Djibouti needs help with climate response, UNOCHA lead says

By AT editor - 6 October 2019 at 10:49 pm
Djibouti needs help with climate response, UNOCHA lead says

Djibouti is already feeling the impacts of climate crisis, and after a three-day tour of the Horn of Africa nation, the assistant secretary general for the United Nations humanitarian agency OCHA is calling for action.

“Climate change is real, and I could see it here,” said UNOCHA’s Ursula Mueller. “I saw the widespread drought and I met communities that can barely access safe water. They explained to me how this situation is impacting their lives. Djibouti has (made) virtually no contribution to the global climate emergency, but its population is suffering the consequences on a daily basis.”

Mueller said swaths of the nation are exposed to extreme weather conditions and when coupled with poverty, that’s left one in three people there food insecure.

“Severe acute malnutrition rates are alarming and considered an emergency according to global standards,” Mueller said. “In Bondara village, women told me how they were doing whatever it takes to put food on the table for the family, but the frequent droughts are preventing them from doing so.”

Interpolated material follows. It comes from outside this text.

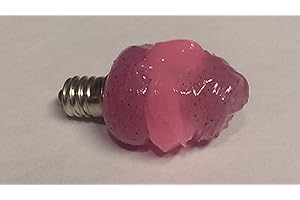 Specialty Silicone Bulb - Hand Dipped - Easter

The village in the country’s south also is on a transit route for migrants from Ethiopia who are headed to Gulf states in hopes of finding work. Some 130,000 migrants, refugees and asylum seekers are living in Djibouti, which is considered strategically important by both China and the West. Both have military bases there, and the coastal country perches alongside key shipping routes, but it’s less often that attention is called to the people who live there – especially in terms of climate crisis.

Mueller met with Djibouti Prime Minister Abdoulkader Kamil Mohamed, and with key government ministers, to discuss the situation.

“Government needs further support to help communities build up resilience, to be self-sufficient so that the recurring shocks do not lead to further suffering and more costly crises,” she said.